## [Work request]
Find the line with "2025-10-24 200320.jpg" in the entries below. Repeat it, every following line, and the line with "Azara BLACK BERRY vol 5", exactly and with nothing added.

## [Data to process]
● ● ● ● ●
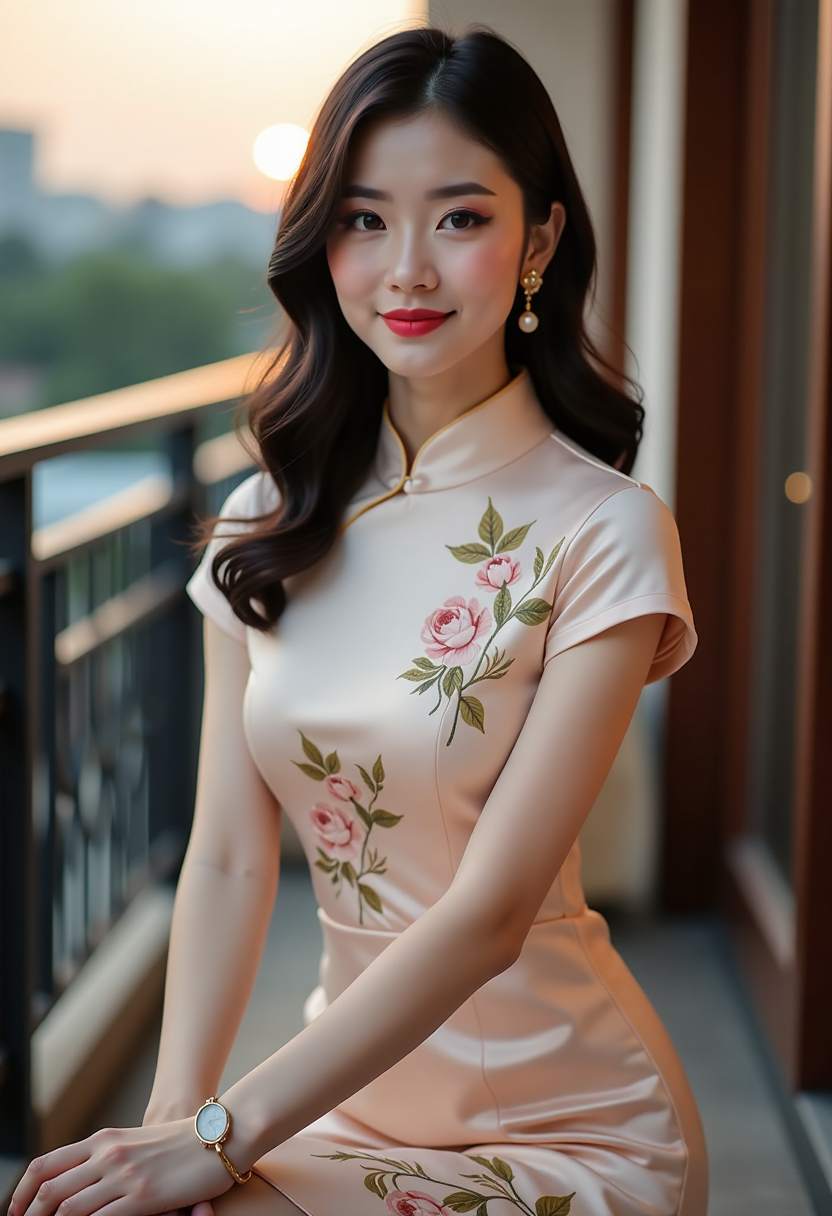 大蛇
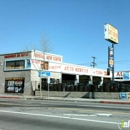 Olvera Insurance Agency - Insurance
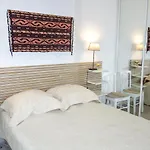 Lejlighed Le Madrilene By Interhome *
● ● ● ● ●
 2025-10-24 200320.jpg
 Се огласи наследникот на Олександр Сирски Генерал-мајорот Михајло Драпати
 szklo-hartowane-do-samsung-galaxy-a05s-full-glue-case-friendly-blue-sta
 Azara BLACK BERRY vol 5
● ● ● ● ●
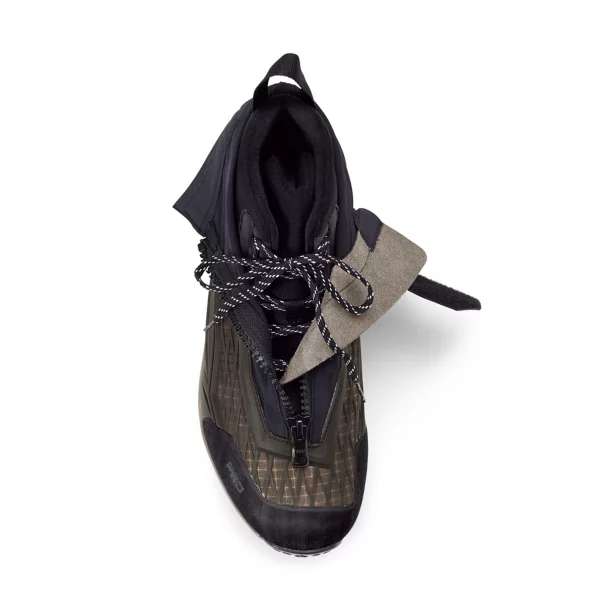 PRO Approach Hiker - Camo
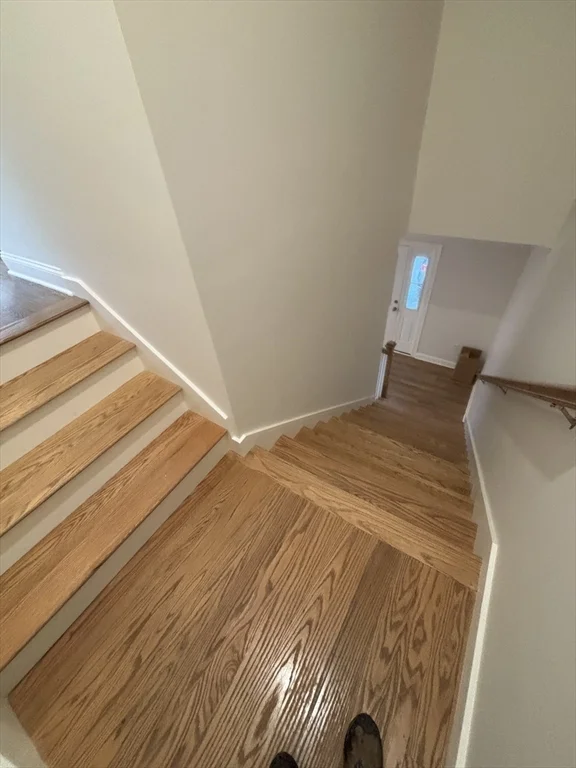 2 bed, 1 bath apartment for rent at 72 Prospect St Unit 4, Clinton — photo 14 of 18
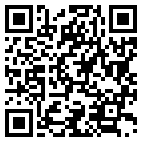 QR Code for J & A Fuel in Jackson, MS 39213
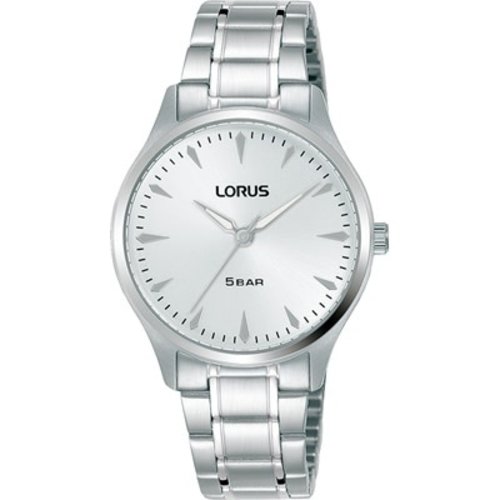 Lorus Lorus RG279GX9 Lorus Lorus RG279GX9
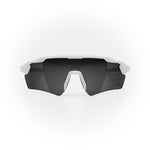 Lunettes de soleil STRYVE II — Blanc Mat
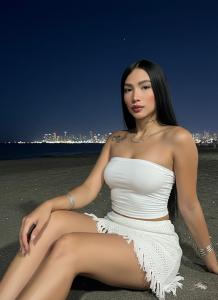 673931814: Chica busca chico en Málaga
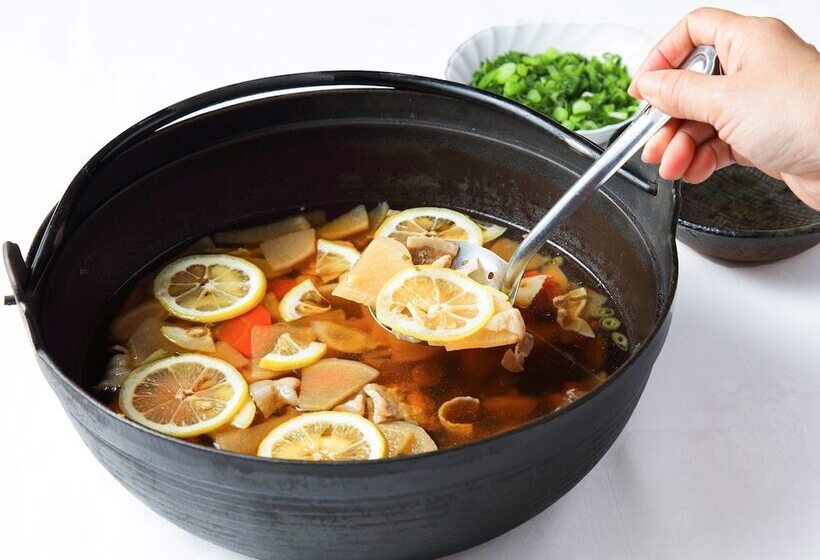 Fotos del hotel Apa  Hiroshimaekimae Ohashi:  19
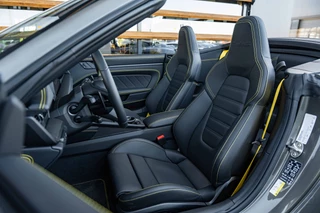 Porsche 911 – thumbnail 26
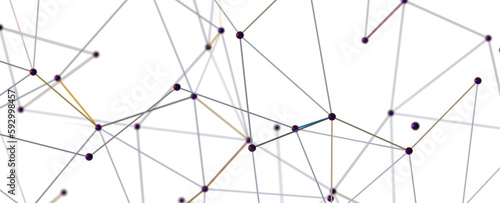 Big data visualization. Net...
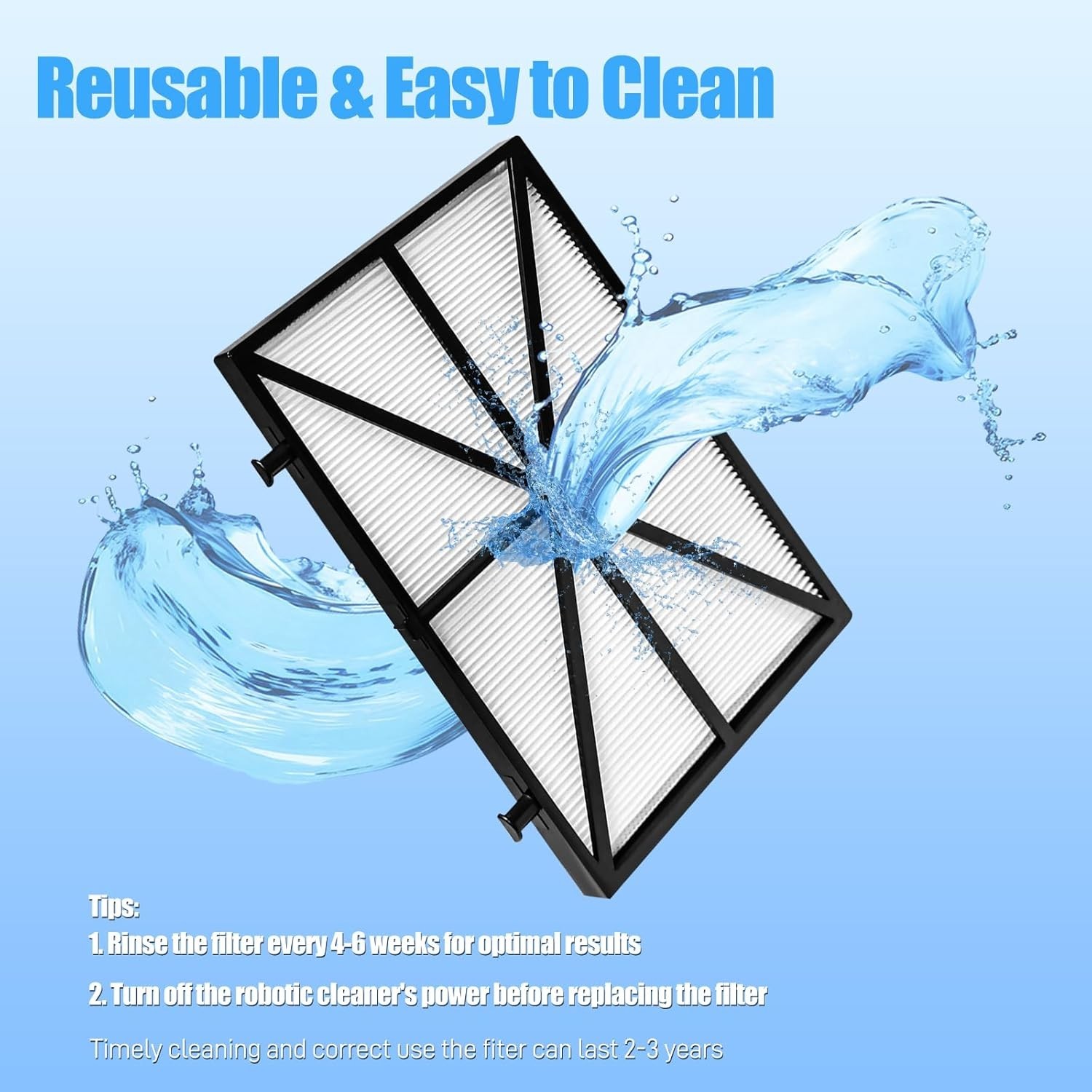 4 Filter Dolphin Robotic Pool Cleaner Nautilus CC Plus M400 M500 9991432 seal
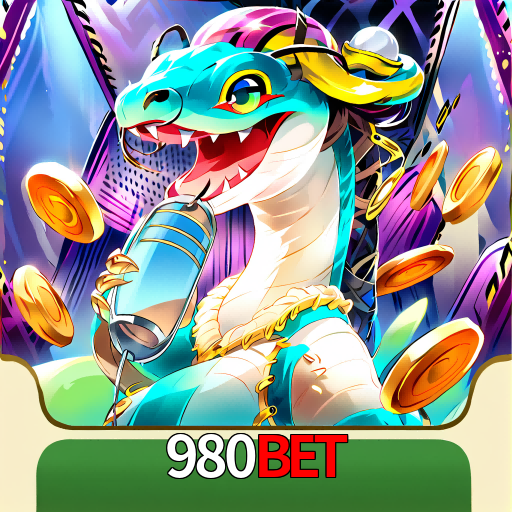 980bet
● ● ● ● ●
## [Answer box]
 2025-10-24 200320.jpg
 Се огласи наследникот на Олександр Сирски Генерал-мајорот Михајло Драпати
 szklo-hartowane-do-samsung-galaxy-a05s-full-glue-case-friendly-blue-sta
 Azara BLACK BERRY vol 5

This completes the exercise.